Nachdem die Stiftung Warentest kurz zuvor schon Sonnenöle untersucht hatte, nahm sie sich im Juli 1966 Sonnen­creme, -milch und Gelees vor. Ergebnis: Diese schützen im Durch­schnitt besser. „Öle sind geeignet, wenn Sie schon etwas braun sind und Ihre Haut sich an die Sonne gewöhnt hat“, schrieben die Tester. „Wer lange in der Sonne liegen will, sollte ein Mittel mit starkem Filter verwenden.“ Im Test: 26 Präparate, von denen 12 „einen guten Schutz“ boten.

Im Zweifels­falle Creme

Hier ein Auszug aus dem Prüfbe­richt zu Test Nr. 9 (test 04/Juli 1966):

„Was packen Sie im Sommer in Ihre Badetasche?
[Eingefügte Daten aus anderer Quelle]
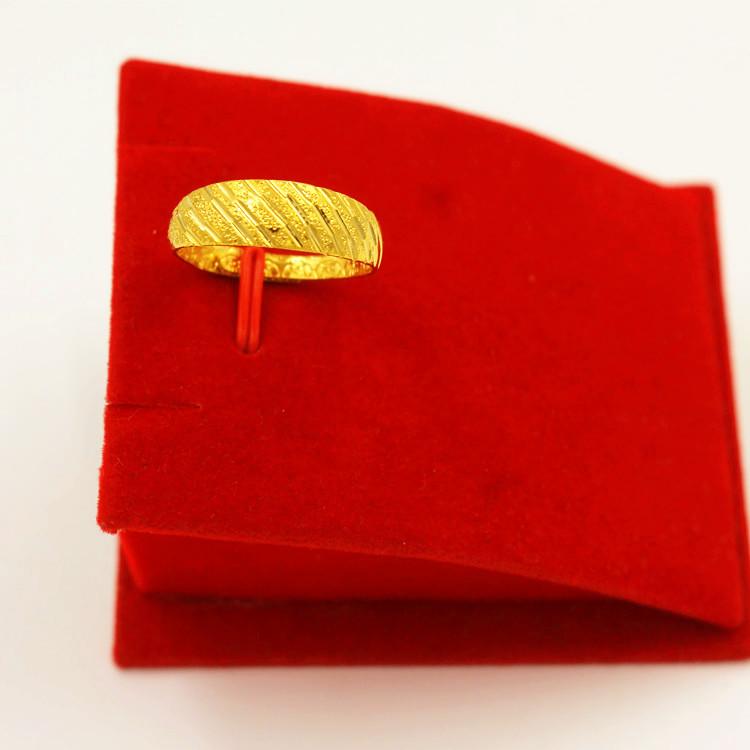 

Регулируемое золотое кольцо-бабочка с рисунком в виде звезды и цветка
Ein Sonnenöl, eine Creme, oder bevor­zugen Sie ein fett­freies Mittel? Wir haben in zwei Testreihen die gebräuchlichsten Licht­schutz­mittel untersucht. Unser Ergebnis: Creme und Sonnenmilch sind im Durch­schnitt für den Sonnen­schutz besser geeignet als Öl.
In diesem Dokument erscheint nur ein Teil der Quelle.